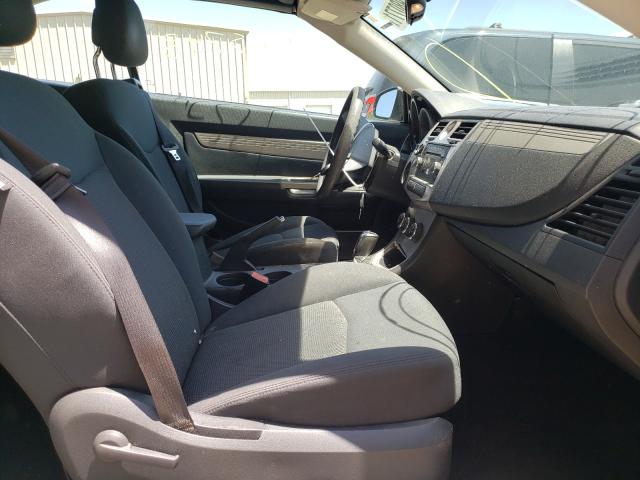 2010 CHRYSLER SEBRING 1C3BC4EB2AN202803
...
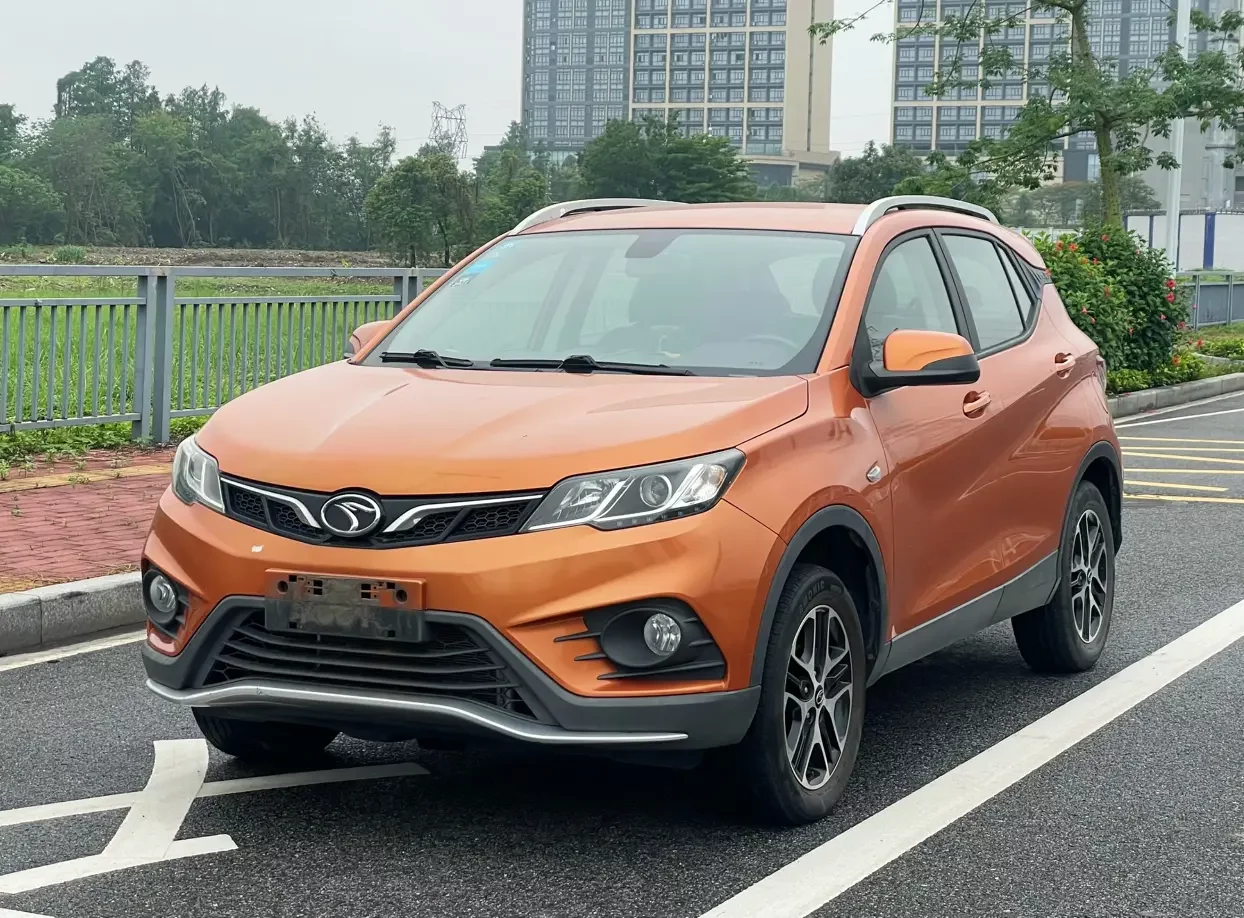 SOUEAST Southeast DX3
* * *
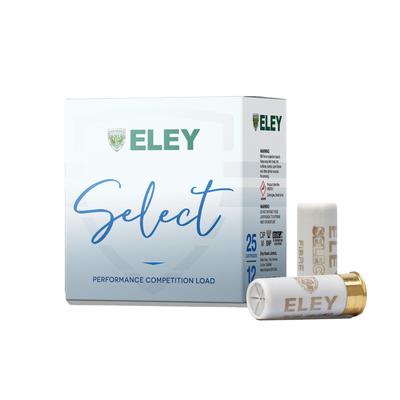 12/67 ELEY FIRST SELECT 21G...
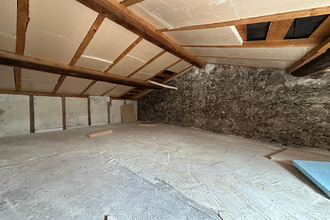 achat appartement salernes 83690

### TASK ITEM
Pictures excluded, transcribe the listing above exactly from the line with "12/67 ELEY FIRST SELECT 21G..." through the line with "achat appartement salernes 83690", and no further.

### EXERCISE SOLUTION
 12/67 ELEY FIRST SELECT 21G...
 achat appartement salernes 83690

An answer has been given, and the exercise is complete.